Amerykanie coraz bardziej rozgoryczeni sytuacją w Iraku
Rośnie rozgoryczenie Amerykanów z powodu sytuacji w Iraku a także stanowiska Demokratów, którzy w listopadzie zeszłego roku zdobyli większość w Kongresie USA dzięki obietnicom zakończenia irackiej wojny - wynika z opublikowanego w Waszyngtonie sondażu.
05.06.2007 | aktual.: 05.06.2007 08:13
Według ankiety, przeprowadzonej wspólnie przez "Washington Post" i stację ABC News, tylko 39% respondentów zadeklarowało, iż popiera działania Kongresu - w kwietniu takie poparcie deklarowało 44%. Poparcie dla samych Demokratów spadło z 54% w kwietniowej ankiecie do 44% obecnie.
Poparcie dla prezydenta Busha zadeklarowało, podobnie jak w kwietniu, 35% ankietowanych.

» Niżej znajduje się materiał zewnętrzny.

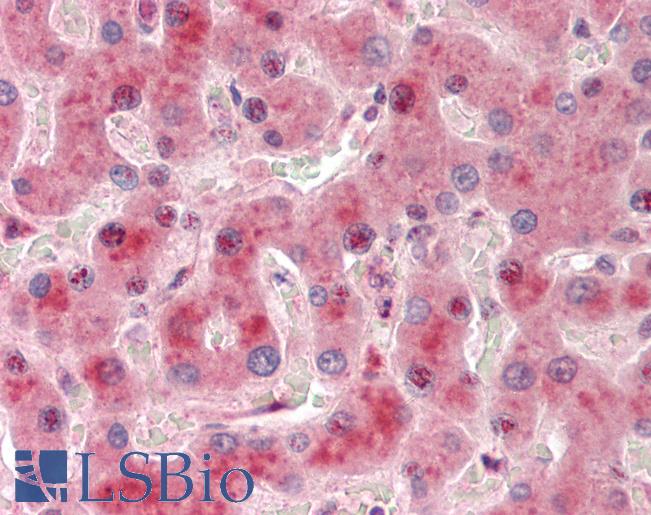 SIDT2 Antibody - Human Liver: Formalin-Fixed, Paraffin-Embedded (FFPE).  This image was taken for the unconjugated form of this product. Other forms have not been tested.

Aż 73% Amerykanów - wynika z sondażu - uważa, że kraj znalazł się obecnie na złej drodze, a 61% jest zdania, że nie warto było angażować się w wojnę w Iraku. Prawie dwie trzecie ankietowanych uważa także, że Stany Zjednoczone nie potrafiły doprowadzić do znaczącego postępu w kwestii przywracania ładu w Iraku.

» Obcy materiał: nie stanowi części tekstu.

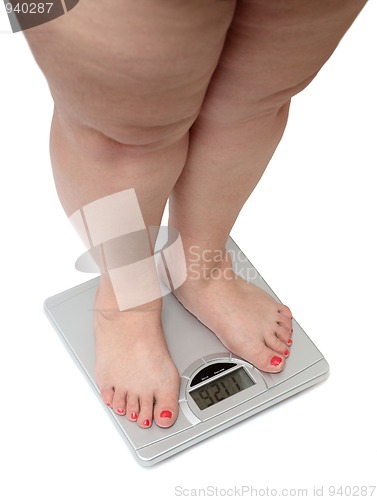 Image of women legs with overweight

55% ankietowanych sądzi, że liczba amerykańskich żołnierzy w Iraku winna być zredukowana - tylko 15% jednak opowiedziało się za natychmiastowym wycofaniem wojsk z tego kraju - pisze "Washington Post".
Sondaż został przeprowadzony telefonicznie wśród 1205 dorosłych Amerykanów 29 maja - margines błędu oceniono na plus/minus trzy punkty procentowe.